- INSTRUCTIONS TO FOLLOW:
Could you transcribe the entries below exactly, without any of the pictures?

START RAW DATA

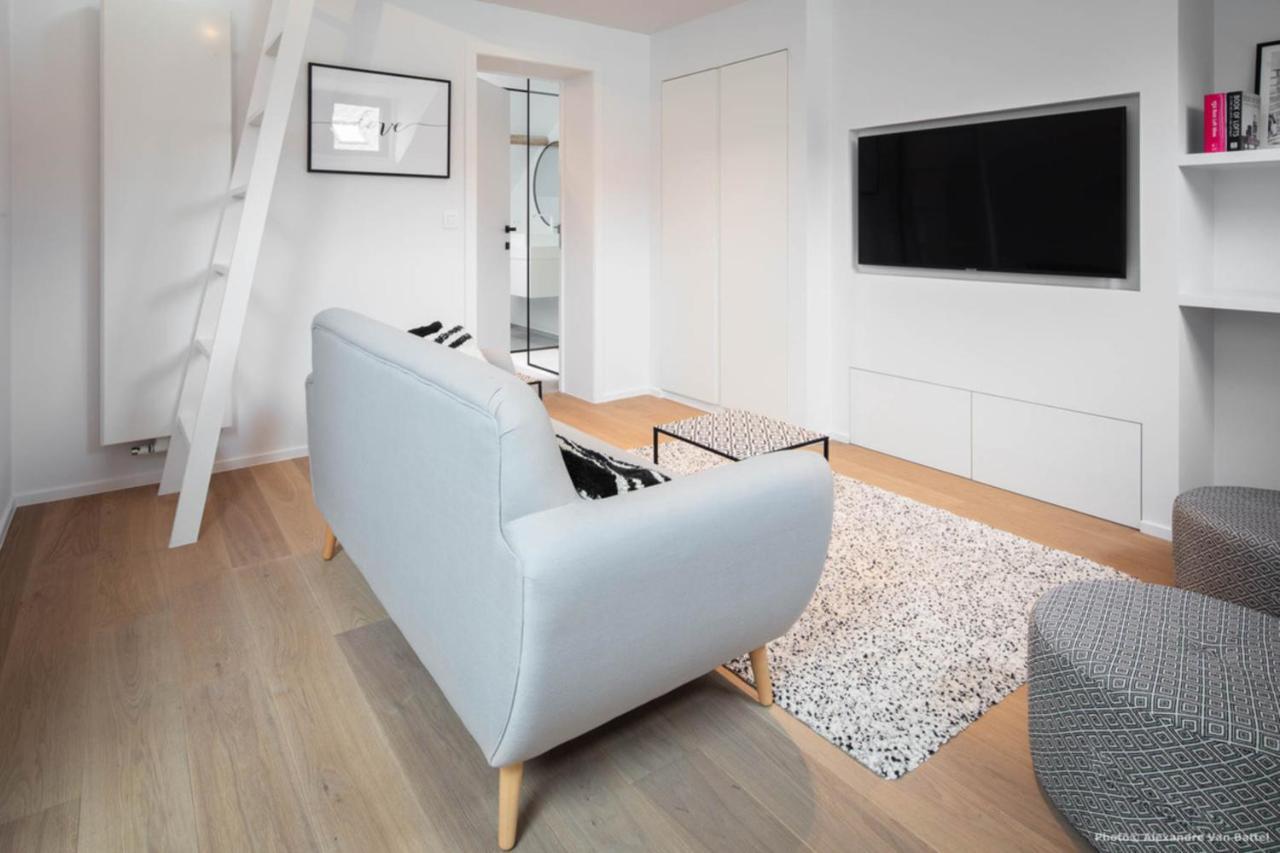 Studios Fully Equipped Near Place Stephanie Bruxelas Exterior foto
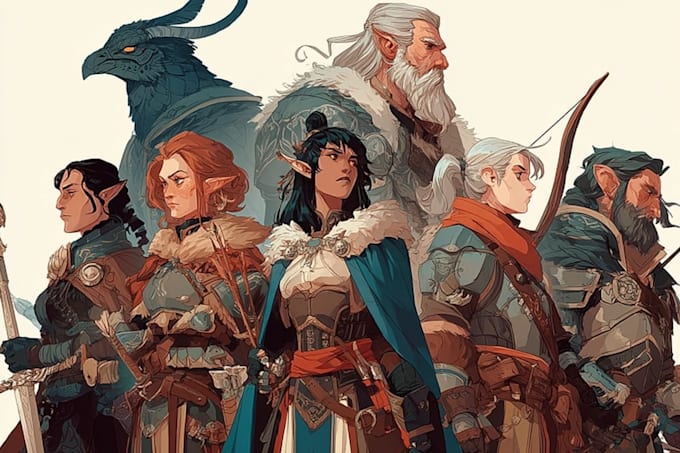 draw your dnd party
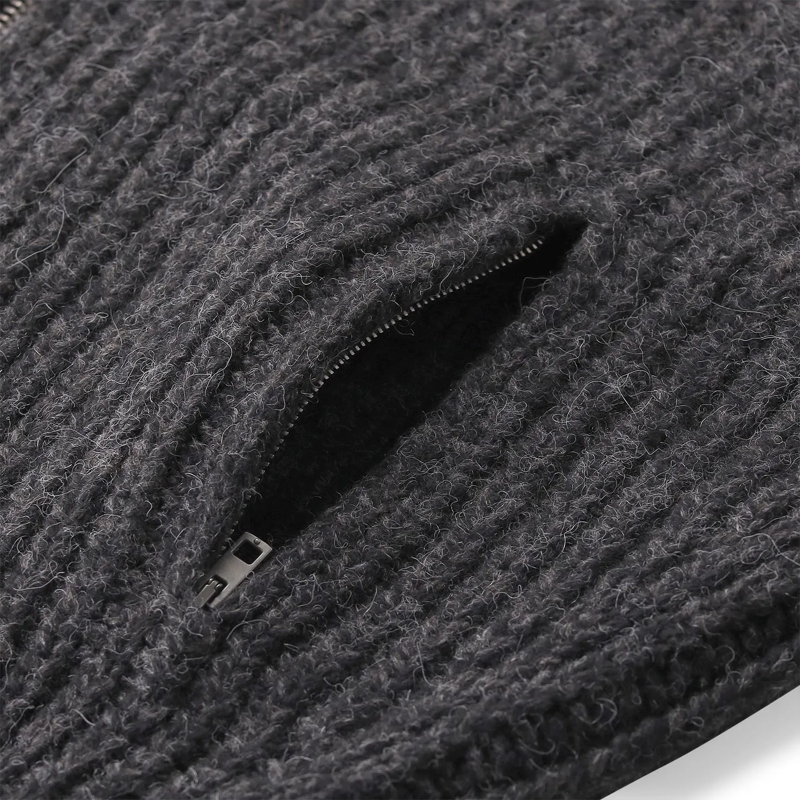 Lemaire Cardigan Strickjacke aus Alpaka-Yak-Mix grau(Image 4)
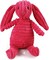 NeoStyle Dog Toys,Plush Corduroy Durable Dog Toy,Squeaky Plush Toys,Puzzle Toy for Dogs,Molar Training Toy,Funny Chew Durable Interactive Cotton Toys,Large Dog Teething Toys (Pink Bunny)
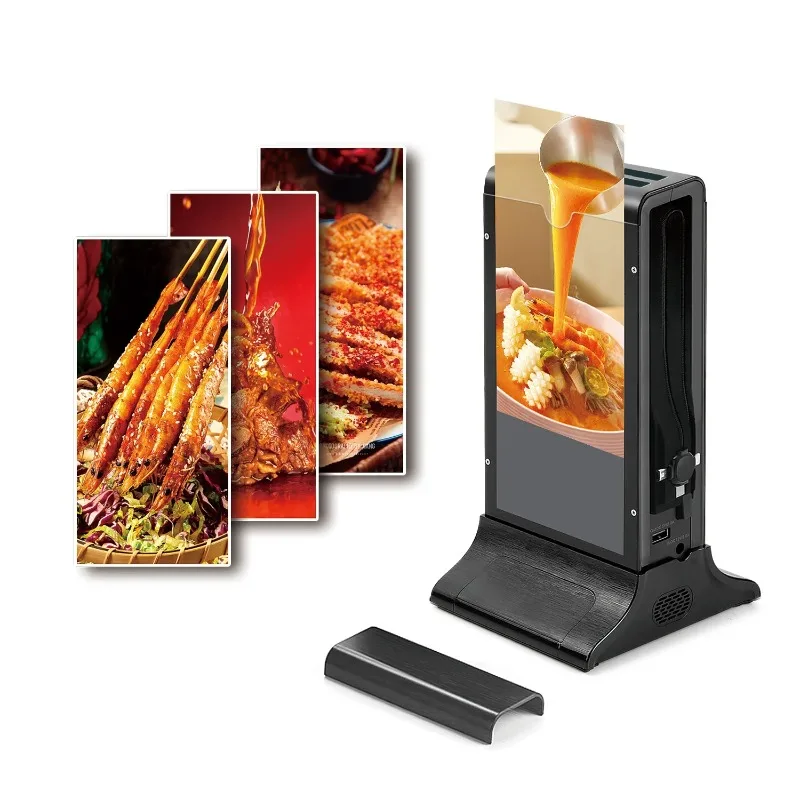 7 Inch One-Sided LCD Display Paper Poster Version Menu Display Ad Player FYD-835G for Business And Marketing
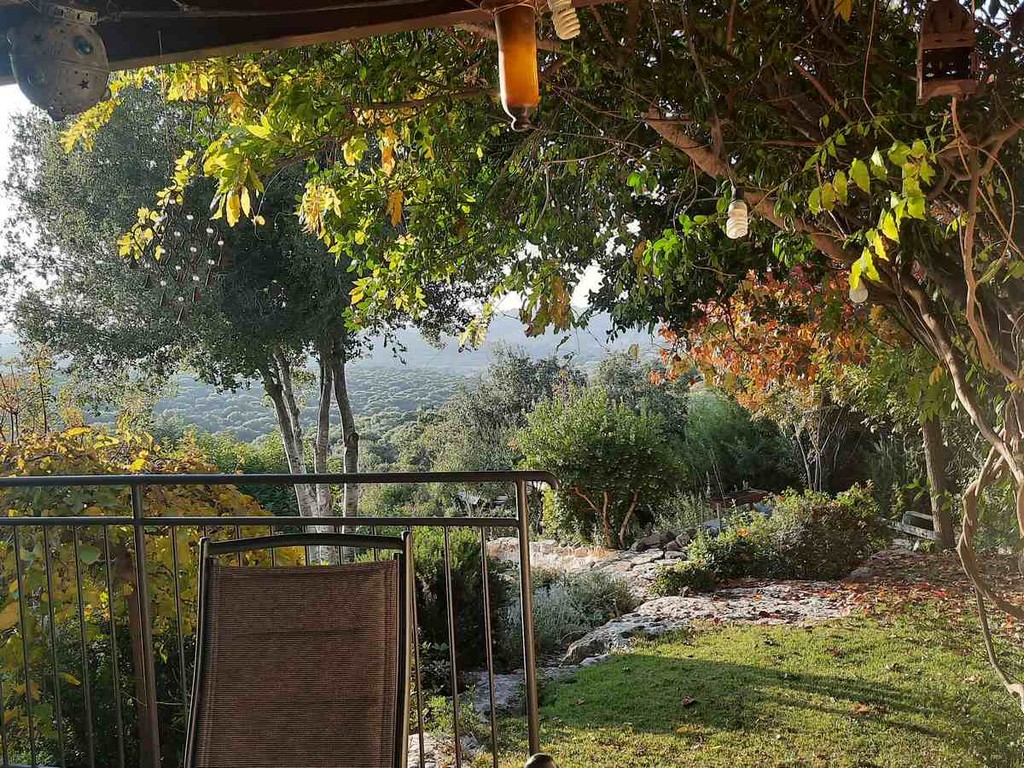 גינה פרטית משולבת בחורש הים תיכוני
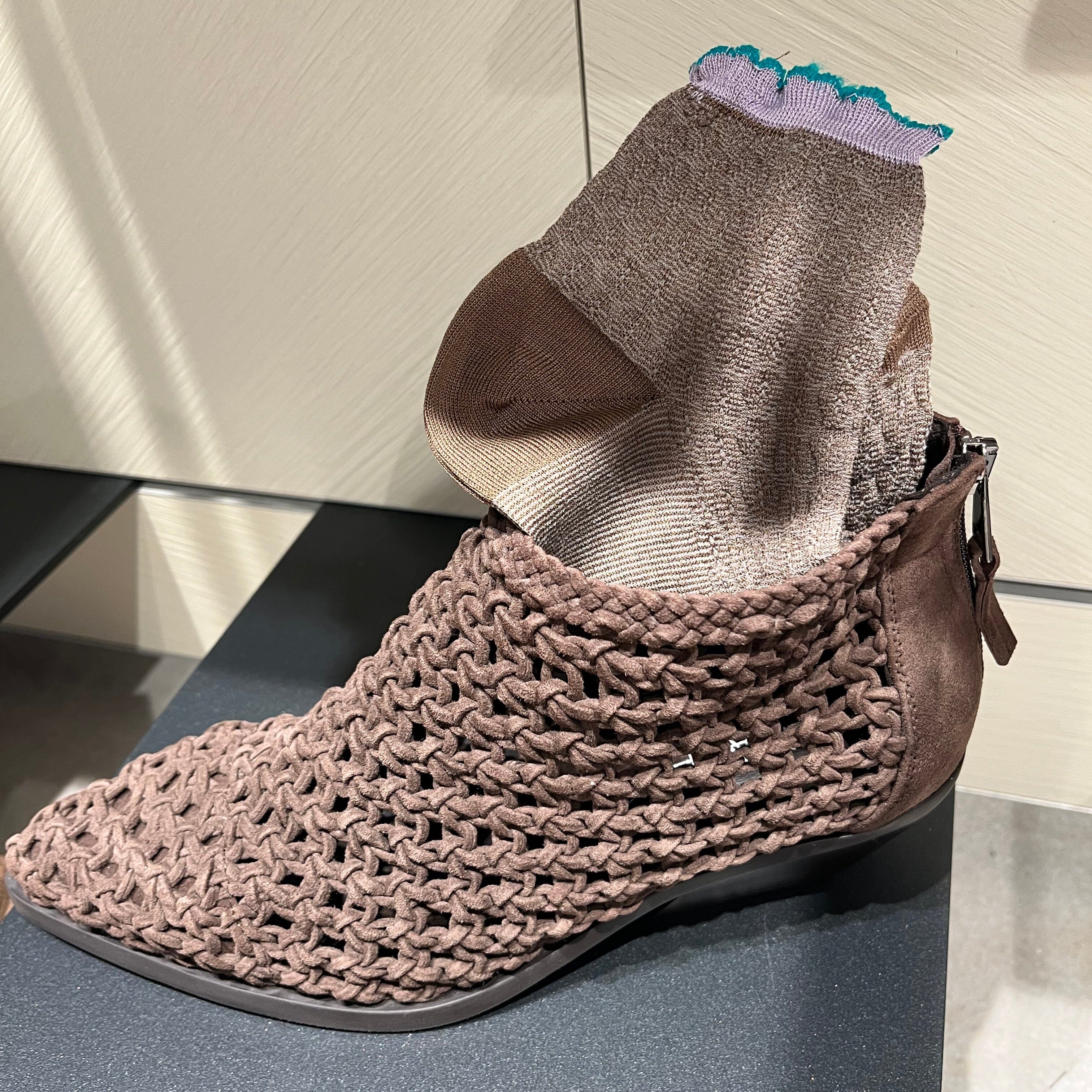 ALTO MILANO - Calzino corto - 26PEAM231DC_25 - Noce Accessori Donna ALTO MILANO - Collezione Donna
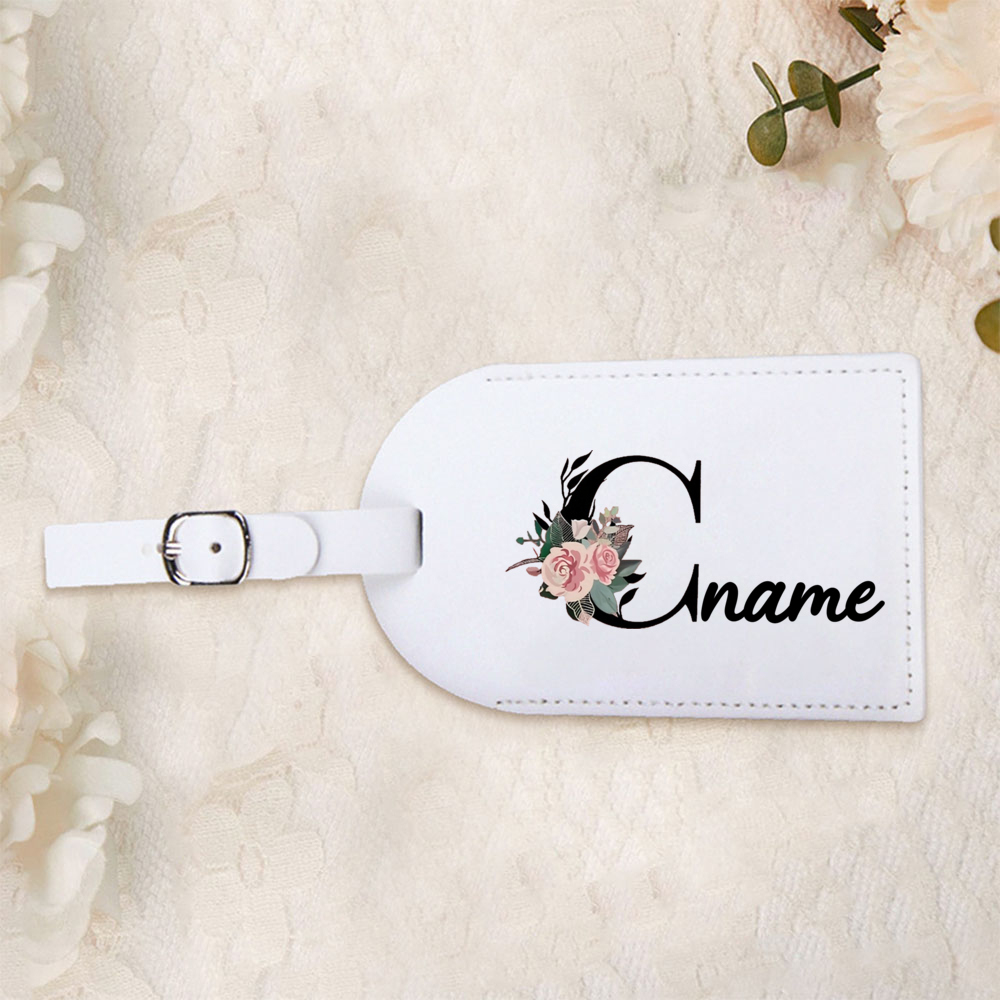 Etiquetas de bagagem florais p - Travel Accessories Name avaliação e preço
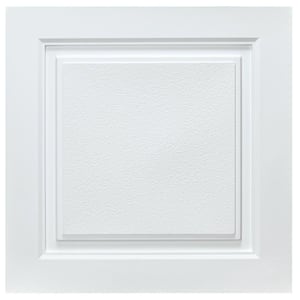 Westport 2 ft. x 2 ft. Lay-in Ceiling Tile in White (40 sq. ft. / case)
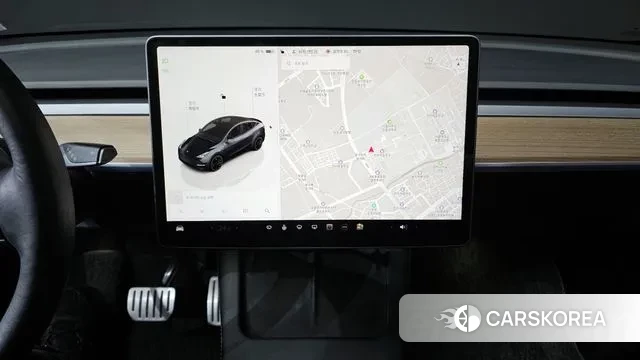 Tesla Model Y 2022 Серый из Кореи, фото 4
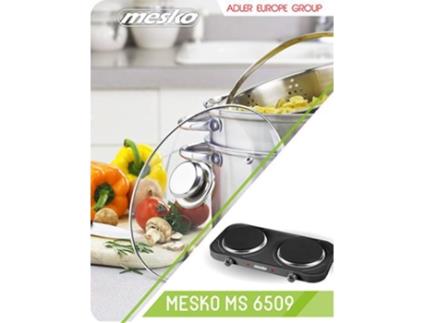 Mesko Home Ms 6509 Placa Preto Balcão Placa Selada 2 Zonas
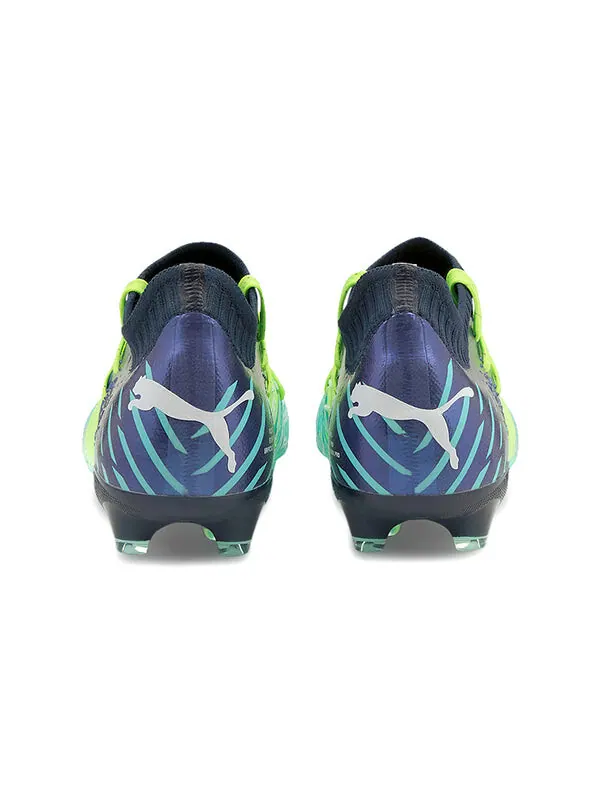 Кроссовки future z 1.2 fg ag 'green glare elektro aqua' Puma — изображение 4 из 4, зеленый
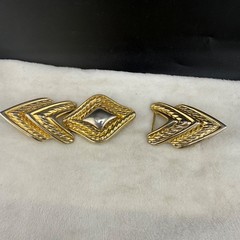 Vintage Revcor Belt Buckle Gold Tone Western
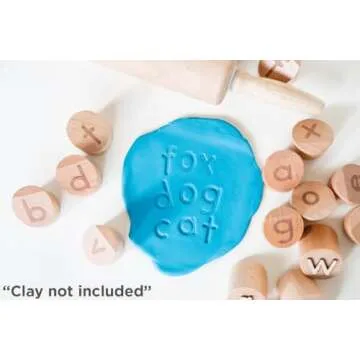 Alphabet Playdough Stamps for Kids - Lowercase Learning Fun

END RAW DATA

- REPLY:
 Studios Fully Equipped Near Place Stephanie Bruxelas Exterior foto
 draw your dnd party
 Lemaire Cardigan Strickjacke aus Alpaka-Yak-Mix grau(Image 4)
 NeoStyle Dog Toys,Plush Corduroy Durable Dog Toy,Squeaky Plush Toys,Puzzle Toy for Dogs,Molar Training Toy,Funny Chew Durable Interactive Cotton Toys,Large Dog Teething Toys (Pink Bunny)
 7 Inch One-Sided LCD Display Paper Poster Version Menu Display Ad Player FYD-835G for Business And Marketing
 גינה פרטית משולבת בחורש הים תיכוני
 ALTO MILANO - Calzino corto - 26PEAM231DC_25 - Noce Accessori Donna ALTO MILANO - Collezione Donna
 Etiquetas de bagagem florais p - Travel Accessories Name avaliação e preço
 Westport 2 ft. x 2 ft. Lay-in Ceiling Tile in White (40 sq. ft. / case)
 Tesla Model Y 2022 Серый из Кореи, фото 4
 Mesko Home Ms 6509 Placa Preto Balcão Placa Selada 2 Zonas
 Кроссовки future z 1.2 fg ag 'green glare elektro aqua' Puma — изображение 4 из 4, зеленый
 Vintage Revcor Belt Buckle Gold Tone Western
 Alphabet Playdough Stamps for Kids - Lowercase Learning Fun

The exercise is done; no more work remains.